» **Source material**:
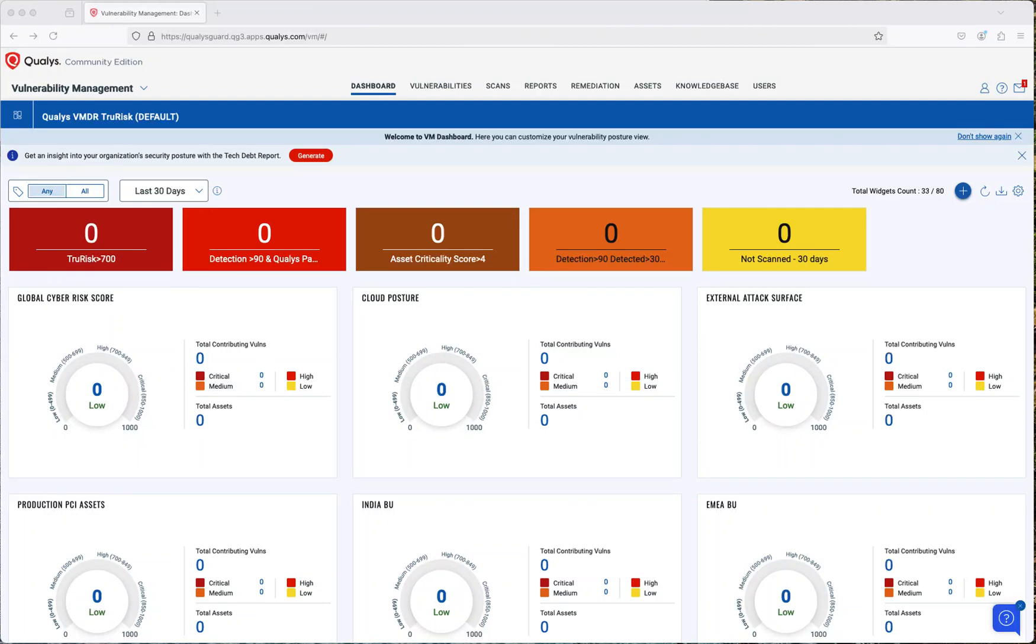Welcome to this new video. Today I want to show you how to configure Qualys Community Edition to run an internal vulnerability assessment on your network.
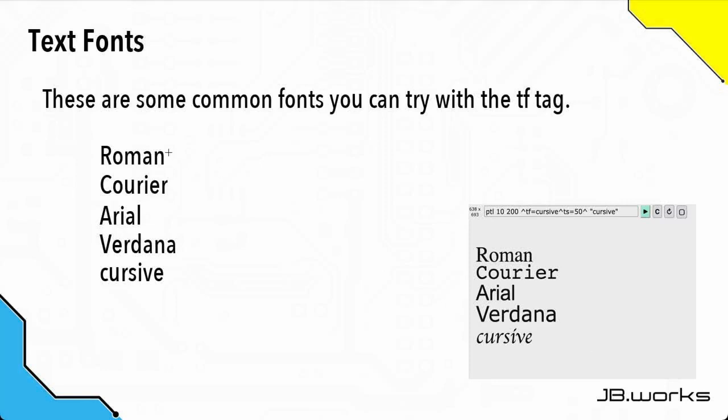Here are some more fonts that you can try: roman, courier, arial, verdana, and cursive. You can see on the right-hand side examples of how each one looks. Also, you should be able to use pretty much any web browser compatible font with the tf tag.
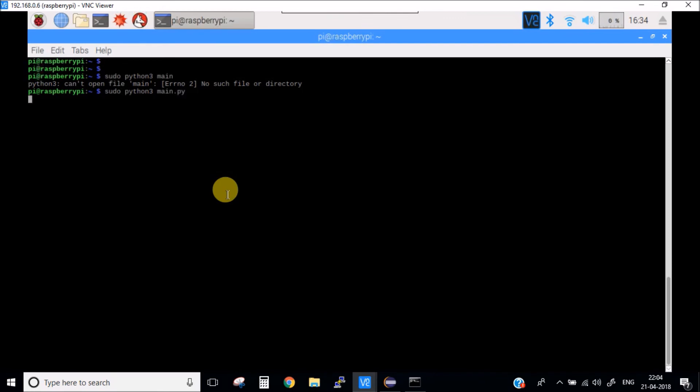Now I will test the module again. As you can see, it is printing the ID of the RFID card. In this way you can simply write Python code to interface an RFID module.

» **About this task**:
Please return each line of the listing exactly as written, excluding the images.

» **Answer for the task**:
Welcome to this new video. Today I want to show you how to configure Qualys Community Edition to run an internal vulnerability assessment on your network.
Here are some more fonts that you can try: roman, courier, arial, verdana, and cursive. You can see on the right-hand side examples of how each one looks. Also, you should be able to use pretty much any web browser compatible font with the tf tag.
Now I will test the module again. As you can see, it is printing the ID of the RFID card. In this way you can simply write Python code to interface an RFID module.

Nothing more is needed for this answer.